AI quality assurance manager
Additional AI-related jobs are emerging to fill the needs of bleeding-edge companies, as they try to figure out how to allocate responsibilities around nascent AI practices. Some of these jobs don’t really exist yet on the job market, and most won’t have a standardized curriculum or typical career development path.
Take, for example, the emerging role of AI quality assurance manager, which could be viewed as evolving from a traditional software quality assurance job, but quality assurance for AI projects is dramatically different. The code itself is rarely the issue, for example, although a company may choose the wrong algorithm for the project at hand. What is more important are incomplete, out of date, or biased training data sets.

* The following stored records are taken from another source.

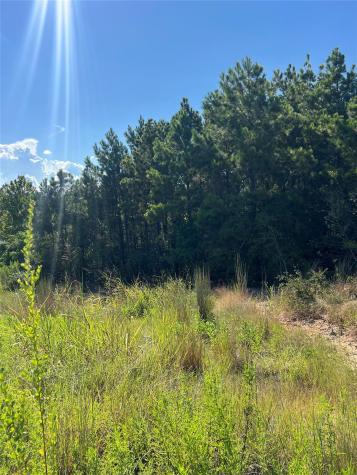 Tbd Poi Court Bastrop TX 78602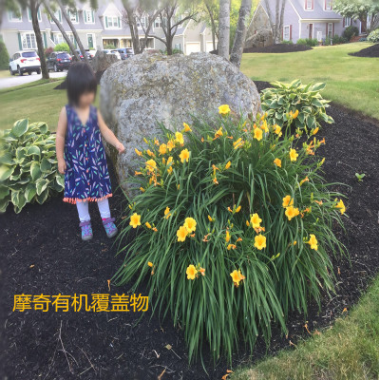 林下覆蓋物 有機覆蓋物 品質優異 市政景區等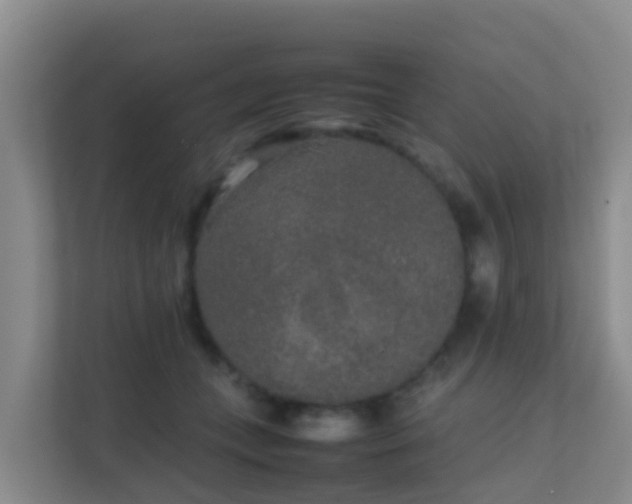 X0000111650559200907241134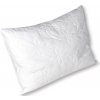 2G Vankúš Dreamfill 70x50 500g
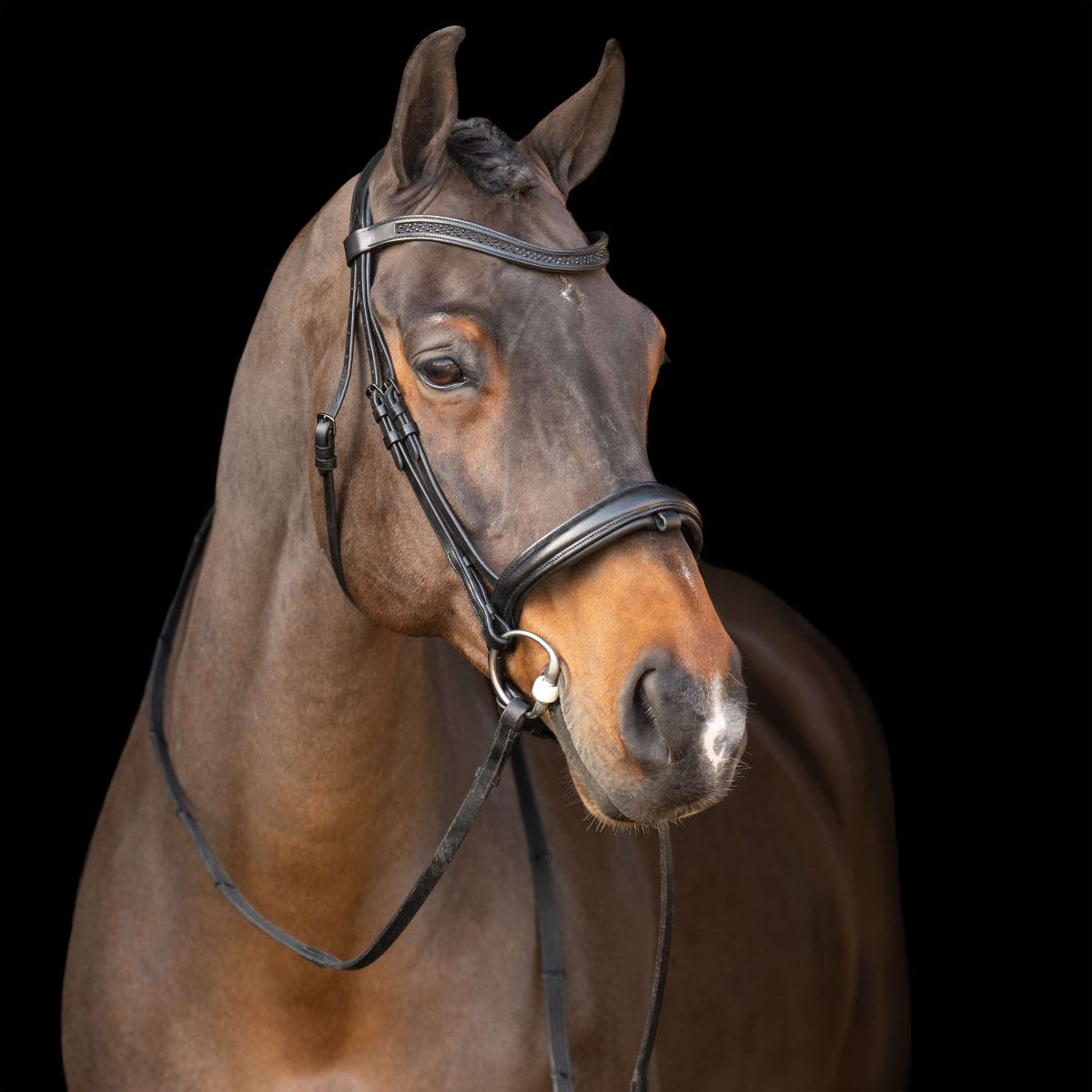 Imperial Riding Bridle IRH Black/Black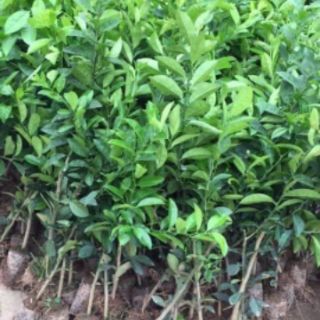 CÂY GIỐNG CHANH ĐỎ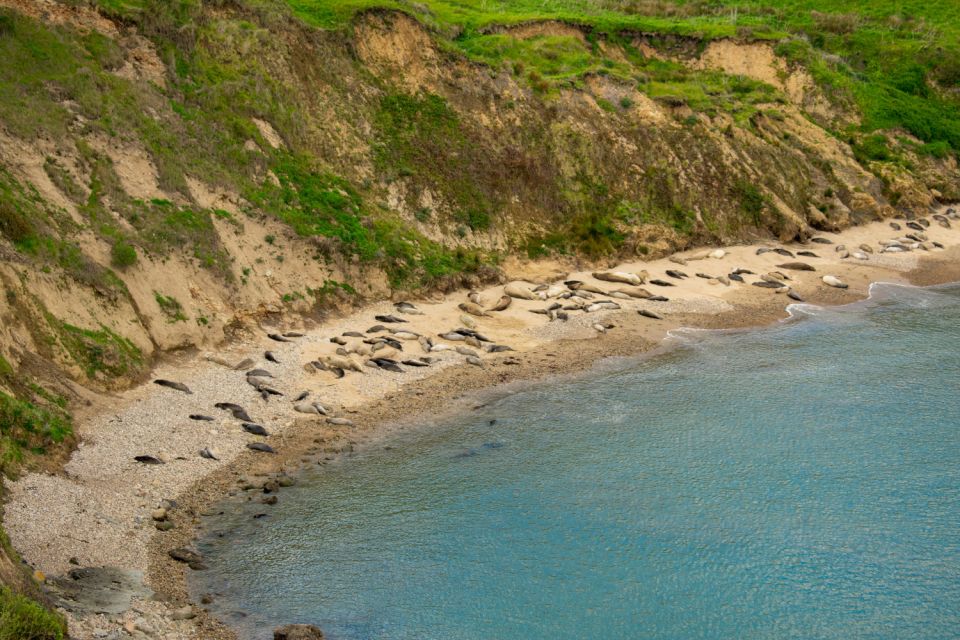 Point Reyes National Seashore Self Guided Driving Tour - Frequently Asked Questions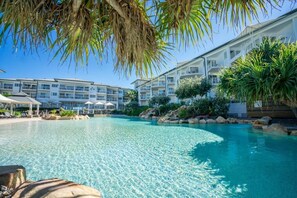 Pool - The Pool Resort Kingscliff - One Bed Pool View (2206) - Holiday Management Co. (KINGSCLIFF)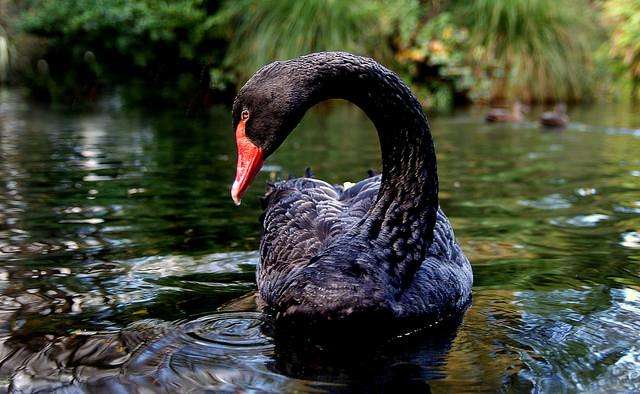 'Black swan' events strike animal populations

Biased data is a particularly thorny problem that can lead not only to bad results, but also regulatory implications, bad publicity, fines, or lawsuits.
“Nobody really understands how bias gets into the data, and how to try to get it out of the data,” says John O’Neil, chief data scientist at Edgewise Networks, recently acquired by Zscaler. “It’s an active area of research. As far as I know, there’s not a place you can go and say, here are the rules, and if you follow the rules, you’ll be okay.”
Citizen data scientist
According to Gartner, by 2024, AI power users will fill the talent gap for data scientists. These “citizen data scientists,” as Gartner calls them, will be able to perform AI-related tasks because the tools needed to deploy advanced analytics, machine learning and artificial intelligence will become easier and easier to use.
Don’t look for this as a job title, however. Instead, experience with “citizen data scientist” tools, such as Auto ML, will be part of job descriptions for a range of job functions.
“The traditional data scientists are expensive to hire, scale and train,” says Ryohei Fujimaki, CEO and founder at DotData, an AI platform company.
But around 28 percent of AI and machine learning initiatives have failed, according to IDC’s March survey, in large part due to skills shortages. “Lack of staff with necessary expertise is reported as one of the primary reasons for the failure,” IDC’s Jyoti says.
That means that there is pent-up demand for reskilling of workers for AI and ML skills, she says.
And more and more of a need for “citizen data scientists,” says DotData’s Fujimaki.